On peut dire que le pays du Japon a été fondé au début du 8e siècle avec le code Taïhô. C’est un pays relativement nouveau. Ce code qui donne officiellement le Japon comme le nom du pays pour la première fois dans l’histoire, et qui définit la hiérarchie aristocratique dont le sommet est l’empereur, était formellement en vigueur jusqu’en 1867. Mais depuis la fin du 12e siècle jusqu’à cette date-ci, le pouvoir politique appartenait aux guerriers dont le chef était le shôgun. La région d’Aomori, pays sauvage et pauvre, restait relativement indépendante du centre jusqu’à la fin du 16e siècle, à l’époque de Hidéyoshi, sans que les habitants ne demandent rien. Le shôgunat était indifférent à cette région, c’était tout.
Le premier shôgun qui ait eu le pouvoir à la fin du 12e siècle s’appelle Minamoto-no Yoritomo.
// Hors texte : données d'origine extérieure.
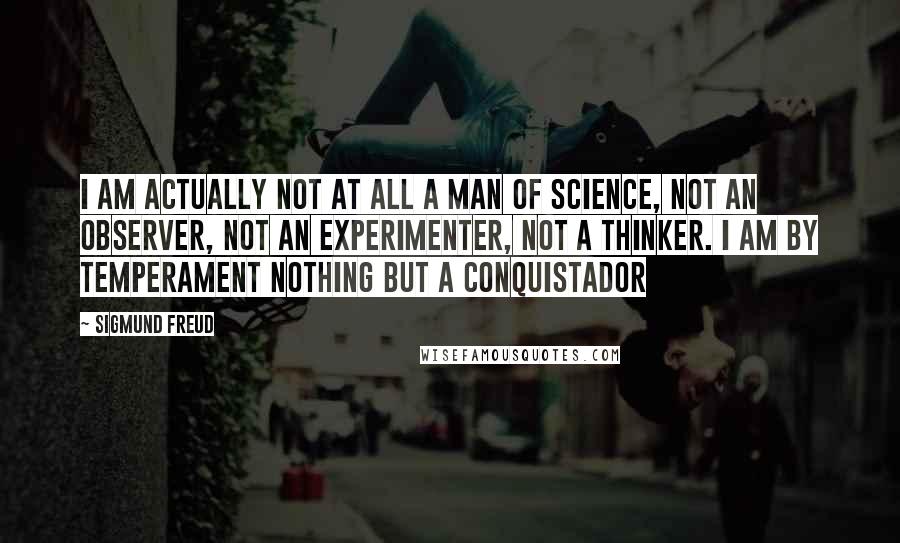 Sigmund Freud Quotes: I am actually not at all a man of science, not an observer, not an experimenter, not a thinker. I am by temperament nothing but a conquistador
Il a chassé la noblesse Taïra de la cour, pousser l’empereur à la mort, et fondé le gouvernement à Kamakura loin de Kyôto, dans l’est du Japon. Guerrier féroce et cruel au tempérament sanguin, Yoritomo n’était pas aimé du peuple. En revanche, son frère Yoshitsuné, représenté comme quelqu’un de frêle, était cultivé et humain. C’était lui qui était populaire, et il a inspiré beaucoup de littératures populaires. Bon guerrier lui aussi, Yoshitsuné a attiré la jalousie de son frère, et il a été tué par l’assassin envoyé par son propre parent à Hiraïzumi, la seigneurie des plus puissante du Japon à l’époque (la plus grande ville juste après Kyôto) qui se situait juste au sud d’Aomori actuel. Le haïku connu de Bashô, "Herbes d’été. Trace du songe des valeureux guerriers", parle de la ruine de cette ville.
Le reste de Taïra et de Fujiwara d’Hiraïzumi, qui protégeait Yoshitsuné, a fui en passant par le village Shingô vers le Hokkaïdô. Mais les gens d’Aomori qui adoraient Yoshitsuné par la rumeur voulaient qu’il ait survécu à la bataille d’Hiraïzumi. Par exemple, il y a un temple bouddhiste qui consacre le héros dans la péninsule de Tsugaru, pas trop loin d’Horodzuki. Yoshitsuné n’y est jamais passé comme un fait historique, mais c’est la croyance populaire qui veut le contraire. C'est la photo du temple de Yoshitsuné.
La légende ne s’arrête pas là. J’ai déjà dit dans le commentaire ajouté au poème "La tempête de neige" que les berceuses de ma région font peur aux enfants, dont la plus connue chante: "Ne pleure pas. Si tu pleures, les Mongols arrivent de la montagne!" (Pourquoi viennent-ils de la montagne? Ce n’est pas logique.) La croyance populaire de ma région veut que Yoshitsuné qui serait passé au continent soit devenu Gengis Khan pour se venger. Mais quelle histoire! Takagi Akimitsu, un neveu de notre poète, a écrit un livre intitulé
Le Secret de Gengis Khan qui traite de cette légende. (Akimitsu, romancier de polar, est plus connu que son oncle.)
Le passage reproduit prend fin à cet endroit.